Start, if you must, with standard phonemic representations like the ones in Kenyon and Knott.
Solution 2:
Remember: syllables are nothing to do with spelling.
If you want a simple, everyday rule of thumb to "how many syllables in this utterance?", then you can generally equate this with "how many beats the utterance would be clapped to". So from that simple perspective, "cry" would be one syllable.

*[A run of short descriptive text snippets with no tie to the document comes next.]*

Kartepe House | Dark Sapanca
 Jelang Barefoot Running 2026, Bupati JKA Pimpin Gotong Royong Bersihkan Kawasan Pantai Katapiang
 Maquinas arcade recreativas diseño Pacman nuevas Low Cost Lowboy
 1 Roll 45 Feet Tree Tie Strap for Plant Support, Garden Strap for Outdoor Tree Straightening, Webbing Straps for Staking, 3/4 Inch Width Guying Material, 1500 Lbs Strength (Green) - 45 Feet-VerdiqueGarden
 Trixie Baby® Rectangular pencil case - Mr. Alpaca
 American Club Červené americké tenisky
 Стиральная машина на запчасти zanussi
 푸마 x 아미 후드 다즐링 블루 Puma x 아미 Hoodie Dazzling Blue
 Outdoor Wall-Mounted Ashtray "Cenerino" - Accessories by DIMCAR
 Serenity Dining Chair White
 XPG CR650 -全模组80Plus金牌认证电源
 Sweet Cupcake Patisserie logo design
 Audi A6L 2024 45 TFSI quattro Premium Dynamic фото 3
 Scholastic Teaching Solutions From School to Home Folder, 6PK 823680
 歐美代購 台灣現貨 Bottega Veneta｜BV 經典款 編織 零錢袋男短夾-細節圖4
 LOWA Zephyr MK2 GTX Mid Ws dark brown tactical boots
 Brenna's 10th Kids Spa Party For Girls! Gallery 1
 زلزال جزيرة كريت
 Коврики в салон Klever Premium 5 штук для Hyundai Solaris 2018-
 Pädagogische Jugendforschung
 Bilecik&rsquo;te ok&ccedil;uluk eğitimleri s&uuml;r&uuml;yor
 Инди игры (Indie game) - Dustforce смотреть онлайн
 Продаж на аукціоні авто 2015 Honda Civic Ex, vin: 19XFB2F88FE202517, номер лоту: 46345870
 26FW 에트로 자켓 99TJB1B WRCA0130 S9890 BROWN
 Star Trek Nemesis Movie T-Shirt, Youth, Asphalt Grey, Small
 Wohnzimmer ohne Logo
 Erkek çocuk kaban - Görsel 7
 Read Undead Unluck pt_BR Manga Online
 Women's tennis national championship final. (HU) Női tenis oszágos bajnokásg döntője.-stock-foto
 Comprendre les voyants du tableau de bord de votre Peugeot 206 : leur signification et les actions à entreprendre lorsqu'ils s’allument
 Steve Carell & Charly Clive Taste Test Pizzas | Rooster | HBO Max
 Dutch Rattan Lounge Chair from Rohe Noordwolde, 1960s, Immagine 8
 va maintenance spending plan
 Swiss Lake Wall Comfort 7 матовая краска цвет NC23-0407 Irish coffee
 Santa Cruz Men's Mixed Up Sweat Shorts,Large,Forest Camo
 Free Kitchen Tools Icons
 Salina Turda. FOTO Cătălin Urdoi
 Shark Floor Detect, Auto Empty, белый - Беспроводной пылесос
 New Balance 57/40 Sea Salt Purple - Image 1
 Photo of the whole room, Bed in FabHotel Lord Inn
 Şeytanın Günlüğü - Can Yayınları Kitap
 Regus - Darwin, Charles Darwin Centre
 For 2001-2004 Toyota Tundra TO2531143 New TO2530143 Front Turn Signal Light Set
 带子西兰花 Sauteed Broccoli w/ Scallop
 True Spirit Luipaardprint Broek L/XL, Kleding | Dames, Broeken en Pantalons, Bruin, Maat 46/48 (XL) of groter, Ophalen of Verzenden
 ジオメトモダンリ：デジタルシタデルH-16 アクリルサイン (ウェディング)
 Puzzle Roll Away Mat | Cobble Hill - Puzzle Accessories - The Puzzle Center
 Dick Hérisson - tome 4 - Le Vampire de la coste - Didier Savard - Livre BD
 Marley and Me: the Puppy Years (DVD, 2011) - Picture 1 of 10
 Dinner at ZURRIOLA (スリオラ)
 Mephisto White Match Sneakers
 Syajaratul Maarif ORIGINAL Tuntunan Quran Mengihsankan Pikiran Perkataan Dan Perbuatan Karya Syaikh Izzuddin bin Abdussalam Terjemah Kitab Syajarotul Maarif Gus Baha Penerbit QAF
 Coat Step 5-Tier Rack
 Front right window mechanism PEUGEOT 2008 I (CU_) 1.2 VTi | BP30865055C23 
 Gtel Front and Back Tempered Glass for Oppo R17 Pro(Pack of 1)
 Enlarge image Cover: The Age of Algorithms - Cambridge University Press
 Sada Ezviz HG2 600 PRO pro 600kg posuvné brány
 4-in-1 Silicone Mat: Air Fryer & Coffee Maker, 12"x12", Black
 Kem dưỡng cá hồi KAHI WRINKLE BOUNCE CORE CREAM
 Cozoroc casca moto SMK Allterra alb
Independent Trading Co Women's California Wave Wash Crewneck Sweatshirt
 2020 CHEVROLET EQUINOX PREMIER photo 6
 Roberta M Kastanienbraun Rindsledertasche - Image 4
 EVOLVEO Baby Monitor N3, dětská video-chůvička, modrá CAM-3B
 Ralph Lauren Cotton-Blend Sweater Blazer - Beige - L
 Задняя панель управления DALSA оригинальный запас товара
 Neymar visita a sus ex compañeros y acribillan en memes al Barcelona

From a theoretical perspective, things are obviously a little more complicated. You can see a syllable from two main angles:
- a structural angle, in which you look at what clusters/combinations of sounds can generally occur in a given language and then derive that language's underlying syllable structure from those combinations;
- a phonetic (or at least, broader phonological) angle, in which a syllable corresponds to a peak in "sonority" or "vowelness" (or some such notion).
But:
- even from a theoretical perspective, even intuitive notions such as "how many beats" an utterance has or "which parts of the utterance would be aligned with strong beats when it is put to song" can also constitute evidence.
Usually, even from this more detailed theoretical perspective, the word "cry" would still regarded as having one syllable. The diphthong /ai/ then forms the nucleus of the syllable, and the cluster /kr/ the onset.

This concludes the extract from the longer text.